País: Estados Unidos
Director: Richard Quine
Guion: George Axelrod, Henri Jeanson, Julien
Duvivier
Música: Nelson Riddle
Fotografía: Charles
Lang
Reparto: William Holden, Audrey Hepburn, Noël Coward,
Grégoire Aslan, Marlene Dietrich,
Fred Astaire, Tony Curtis, Mel Ferrer,
Raymond Bussieres, Christian
Duvallex, Thomas Michel, Dominique
Boschero, Evi Marandi.
En estos tiempos convulsos
del ridículo intento de golpe de estado identitario de raíz nacionalfascista,
como el que los supremacistas nacionalistas catalanes han tenido a bien
regalarnos con idéntico éxito que el de El
prisionero de Zenda, y sin ninguna gracia, ponerse ante la pantalla para
seguir las aventuras divertidas y laberínticas de un guionista en plena sequía,
uno de los dos protagonistas de Encuentro
en París es no solo reconfortante para el ánimo, sino, tras haberla visto,
una necesidad del crítico. Richard
Quine, también discreto actor en sus inicios, no es un director de los
“grandes”, ni tampoco de los que suelen aparecer en las pedantes conversaciones
de cinéfilos de alto copete, pero tres películas suyas, dos anteriores y una
posterior: Me enamoré de una bruja, Un extraño en mi vida y Cómo matar a la propia esposa, sirven
para acreditarlo ante cualquier filmescrupuloso experto en peros filibusteros.

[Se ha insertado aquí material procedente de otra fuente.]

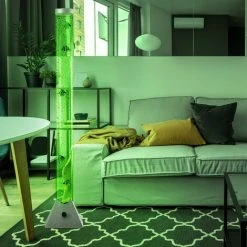 ETC-SHOP RVB LED Lampadaire Salon Bulle D'eau Colonne Décoration Poisson Stand Lampe -Lampadaire Soldes 2022 27018646 5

Dejemos de lado que haya sido el “descubridor” de Kim Novak -que ya es
mérito…-, quien siempre le dio calabaza a sus pretensiones amorosas, y también que su estilo de comedia
sofisticada pueda parecerles a muchos una suerte de remedo más o menos exitoso
de los clásicos de los 30 y 40, pero Encuentro
en París es una película para la que sin duda se concibió un adjetivo que,
sin embargo, es muy difícil de usar, “deliciosa”. Cuando uno lo lee en pluma
ajena nunca sabe si se está describiendo una ñoñería monumental o la estupidez
más irreparable. Para entender el sentido en que yo lo uso es obligatorio haber
de pasar por la experiencia, divertida, reconfortante y curiosa de ver esta
película que tiene más calado del que aparentemente representa, porque el tono
de comedia bufa y estilizada, jugando con el recuerdo inevitable de Sabrina y dejando la carga de la prueba
en la interpretación de una “deliciosa” Audrey Hepburn y un experimentado y
eficaz William Holden, en el marco incomparable de París -esa torre la pusieron ahí (al otro lado del ventanal del
apartamento del guionista) para que
supiera, al abrir la ventana cada mañana dónde vivo-, no desfigura la más
que interesante reflexión sobre esa pieza clave de las películas que es el
guion y la crisis que, en este caso de la película, afecta a un guionista que
se ha quedado in albis. La llegada de
la mecanógrafa con pajarera al apartamento del estéril guionista desencadenará
en este, como la chispa de la intuición en los poetas voluntariosos y tenaces
pero poco inspirados, un hilo narrativo del que, remendando el tapiz aquí y
alla, irá emergiendo una película que protagonizaran ambos personajes,
desdoblados, pues, en autor y colaboradora del guion y personajes de la película
que dicho guion va creando, un disparate de espionaje e intriga que consigue
momentos excepcionales, como la entrada en los estudios cinematográficos y las
diferentes escenas en los sets ya preparados para rodajes muy dispares. Imagino
que los lectores -¡si haylos, que dúdolo!- de esta crítica se dirán que el
amigo Poz nos va a volver a enjaretar la famosa screwball comedy en cuanto nos descuidemos. ¡Qué bien me conocen!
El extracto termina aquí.